Jason Smith: So, you really think you’re talking to somebody. So, when I first saw that, somebody posted it on LinkedIn and said, here we go. This is going to replace the secretaries at the law firms or this is going to replace certain activities of people.

And I said, as a lawyer, I looked at this and said, hmm, seems to me there’s work here for lawyers, because what about things like wiretapping and recording somebody else’s voice because it’s got to be recorded in order to be brought back into the system to process by the AI to then interact.

Rocky Dhir: Right.

Jason Smith: So, to me, I see legal issues around that which means more work for lawyers. So, I’m not afraid of the new technology because I think there’s whole new world and that’s why I say the lawyers who embrace the new technology, I think those are the ones that are going to sort of move forward with a lot of the stuff.

Rocky Dhir: Let’s talk about two questions there. The first is, do you think the AI can commit malpractice then? If it’s learning through algorithms, can the AI commit malpractice and possibly mess up a case or mess up a matter?

Jason Smith: So, therein lies kind of the heart of one of the primary questions of how much do we let the technology do for us as lawyers and how much are we on the hook for our own professional responsibility.

Rocky Dhir: Sure.

Jason Smith: And frankly, I think the first start is going to be if it commits malpractice or does something that would look to be malpractice, then whoever is driving that system, the malpractice is going to fall to them.

Rocky Dhir: What if it’s a non-lawyer? Say somebody who’s — it’s a technology company that has created this algorithm to replace a lawyer or replace a legal function.

Jason Smith: Right.

Rocky Dhir: And then that commits malpractice. You can go after a lawyer, but there is some kind of a company or organization behind it.

Jason Smith: So, I think you’ve hit it on sort of this weird gray area in the technology and when you ask what’s popular right now, what’s the hot topics? I think that’s one of the sort of side topics to all of this. We talk about AI; how cool it is. We think of the Avengers and we think of all the cool Hollywood movies.

Rocky Dhir: Sure.

Jason Smith: Mostly those in-depth with robots killing us all.

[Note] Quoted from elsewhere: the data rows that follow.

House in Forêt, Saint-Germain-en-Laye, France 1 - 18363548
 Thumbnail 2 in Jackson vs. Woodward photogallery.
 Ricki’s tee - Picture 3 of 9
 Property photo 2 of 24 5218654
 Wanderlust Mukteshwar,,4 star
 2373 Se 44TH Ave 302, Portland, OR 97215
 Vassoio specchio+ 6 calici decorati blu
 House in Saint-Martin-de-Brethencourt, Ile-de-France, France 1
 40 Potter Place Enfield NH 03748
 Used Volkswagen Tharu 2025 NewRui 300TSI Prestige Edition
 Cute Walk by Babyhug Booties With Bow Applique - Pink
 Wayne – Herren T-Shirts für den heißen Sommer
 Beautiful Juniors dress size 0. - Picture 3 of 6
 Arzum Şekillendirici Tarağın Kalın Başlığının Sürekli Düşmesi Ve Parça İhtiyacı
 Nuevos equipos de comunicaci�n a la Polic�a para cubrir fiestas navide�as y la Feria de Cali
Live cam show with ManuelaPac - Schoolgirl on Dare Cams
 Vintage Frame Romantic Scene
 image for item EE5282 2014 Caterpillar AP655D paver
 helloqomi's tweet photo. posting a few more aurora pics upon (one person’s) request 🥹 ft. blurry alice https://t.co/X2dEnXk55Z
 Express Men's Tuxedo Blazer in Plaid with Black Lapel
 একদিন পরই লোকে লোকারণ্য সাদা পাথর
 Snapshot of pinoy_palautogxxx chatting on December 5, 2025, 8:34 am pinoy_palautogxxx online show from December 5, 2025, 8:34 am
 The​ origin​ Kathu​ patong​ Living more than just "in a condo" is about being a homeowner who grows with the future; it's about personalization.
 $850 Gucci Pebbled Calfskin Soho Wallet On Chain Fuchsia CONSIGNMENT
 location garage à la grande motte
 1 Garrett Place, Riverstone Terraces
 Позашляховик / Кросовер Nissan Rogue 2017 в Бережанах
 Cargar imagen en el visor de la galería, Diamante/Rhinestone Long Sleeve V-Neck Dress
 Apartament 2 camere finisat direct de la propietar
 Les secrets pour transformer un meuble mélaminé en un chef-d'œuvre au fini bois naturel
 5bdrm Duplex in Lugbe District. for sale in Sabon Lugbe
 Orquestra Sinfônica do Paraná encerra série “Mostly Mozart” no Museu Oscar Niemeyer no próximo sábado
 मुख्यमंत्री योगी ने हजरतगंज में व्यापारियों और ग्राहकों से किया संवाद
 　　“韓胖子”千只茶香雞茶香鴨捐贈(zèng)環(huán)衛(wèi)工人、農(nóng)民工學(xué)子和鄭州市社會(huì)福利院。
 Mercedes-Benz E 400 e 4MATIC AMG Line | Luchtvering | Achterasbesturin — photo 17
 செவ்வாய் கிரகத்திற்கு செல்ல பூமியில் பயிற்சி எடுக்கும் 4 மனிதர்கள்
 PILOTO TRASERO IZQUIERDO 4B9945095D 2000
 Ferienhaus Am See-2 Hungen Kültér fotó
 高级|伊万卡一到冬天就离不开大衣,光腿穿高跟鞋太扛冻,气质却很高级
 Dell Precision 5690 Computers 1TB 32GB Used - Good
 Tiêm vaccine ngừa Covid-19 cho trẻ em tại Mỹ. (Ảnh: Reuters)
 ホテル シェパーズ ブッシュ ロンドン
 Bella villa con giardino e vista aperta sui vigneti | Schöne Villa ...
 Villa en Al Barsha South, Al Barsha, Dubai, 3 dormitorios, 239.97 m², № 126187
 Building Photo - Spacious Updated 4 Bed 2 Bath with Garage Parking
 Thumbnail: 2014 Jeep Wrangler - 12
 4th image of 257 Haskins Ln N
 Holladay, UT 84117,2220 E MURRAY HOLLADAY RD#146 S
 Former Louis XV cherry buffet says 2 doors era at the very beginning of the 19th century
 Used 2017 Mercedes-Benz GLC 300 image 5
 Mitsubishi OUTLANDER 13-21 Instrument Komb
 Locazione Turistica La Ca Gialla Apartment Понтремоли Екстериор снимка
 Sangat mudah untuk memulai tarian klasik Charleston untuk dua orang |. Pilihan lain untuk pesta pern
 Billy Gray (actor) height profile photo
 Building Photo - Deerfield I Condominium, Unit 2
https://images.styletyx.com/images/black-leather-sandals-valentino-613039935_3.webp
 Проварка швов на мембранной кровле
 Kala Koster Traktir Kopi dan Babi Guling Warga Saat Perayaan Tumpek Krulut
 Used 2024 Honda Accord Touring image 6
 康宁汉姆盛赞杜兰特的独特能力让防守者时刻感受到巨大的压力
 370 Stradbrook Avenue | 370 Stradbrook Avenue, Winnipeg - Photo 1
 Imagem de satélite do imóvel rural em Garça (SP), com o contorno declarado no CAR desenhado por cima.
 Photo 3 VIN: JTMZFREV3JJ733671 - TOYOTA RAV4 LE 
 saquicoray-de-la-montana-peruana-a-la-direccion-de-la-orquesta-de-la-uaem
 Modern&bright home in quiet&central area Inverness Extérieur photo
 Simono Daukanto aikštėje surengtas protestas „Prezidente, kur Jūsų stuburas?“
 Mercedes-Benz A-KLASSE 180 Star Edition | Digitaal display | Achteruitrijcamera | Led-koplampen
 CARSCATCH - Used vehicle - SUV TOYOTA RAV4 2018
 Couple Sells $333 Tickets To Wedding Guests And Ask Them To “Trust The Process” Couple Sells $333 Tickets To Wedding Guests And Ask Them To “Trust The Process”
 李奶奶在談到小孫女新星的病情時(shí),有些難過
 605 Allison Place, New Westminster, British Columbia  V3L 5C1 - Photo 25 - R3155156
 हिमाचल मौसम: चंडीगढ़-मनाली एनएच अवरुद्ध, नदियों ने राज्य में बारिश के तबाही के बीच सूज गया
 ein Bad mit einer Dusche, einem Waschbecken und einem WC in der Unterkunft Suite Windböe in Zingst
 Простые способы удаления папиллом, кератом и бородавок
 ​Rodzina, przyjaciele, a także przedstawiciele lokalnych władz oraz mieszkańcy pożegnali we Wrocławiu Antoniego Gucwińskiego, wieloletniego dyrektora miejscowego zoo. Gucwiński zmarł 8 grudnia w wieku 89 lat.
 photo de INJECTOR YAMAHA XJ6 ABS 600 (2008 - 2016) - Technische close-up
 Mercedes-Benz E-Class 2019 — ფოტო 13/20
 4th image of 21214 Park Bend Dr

Rocky Dhir: Not so cool then.

Jason Smith: Yeah, maybe that’s what we should focus on. And here’s a real distinction. A lot of what we’re talking about today and what’s out in the market is called Weak AI.

Rocky Dhir: Okay.

Jason Smith: It’s nothing but a series of algorithms that a program has been trying. Think of a computer playing chess.

Rocky Dhir: Sure.

Jason Smith: It’s not necessarily thinking like a human is. It’s reacting to how it’s been programmed to which moves are allowed, which moves are better. It can think ahead faster than a human most times what’s needed in chess. And so, when you talk about strong AI, when we’re getting into strong AI, that’s when we start talking about the computer learning from itself and the computer then starting to move into that world of thinking like a human and interacting like a human.

And I saw some statistics, I don’t remember the exact number, but the speed at which the human brain processes information and how long it will take the computers to get to even a fraction of that processing speed. Now, they can do the quantity. They can do the large amounts better than a human, but just the sheer processing.

Rocky Dhir: The depth, I guess — complexity.

Jason Smith: Yeah, it’s not there yet, but as rapid as things are going, we’ve moved from CPUs to GPUs, graphical, and now, you can increase the rate of speed of how much technology is sort of doing things; how many calculations are being done every millisecond.

(00:10:00)

Rocky Dhir: What about the community aspect of it. When we get AI and we have these devices that can do more for us. Say for example with that barber shop example you gave. Yes, it’s convenient to have an app that will call my barber shop for me. But at a certain level, it’s also — there’s a nice human interaction you get from just setting that appointment and talking to somebody and maybe joking with the person who answers the phone and having that kind of back and forth.

So, do you think that there’s going to be kind of a swing in the other direction as people say, look, I’m missing something from my like by not having that human contact.

Jason Smith: And I think we’re already seeing it. In fact, I had a conversation with my 17-year-old daughter, and my 11-year-old son. They both have mobile devices; they both play video games; they both interact with their friends through these devices.

Rocky Dhir: Sure.

Jason Smith: And it was actually my 17-year-old daughter, about two years ago made the comment. We’re out and about — and we let them take the devices like a lot of families do while you’re waiting at the restaurant —

Rocky Dhir: Sure.

Jason Smith: — it keeps them busy and —

Rocky Dhir: They check whatever social media they’re using.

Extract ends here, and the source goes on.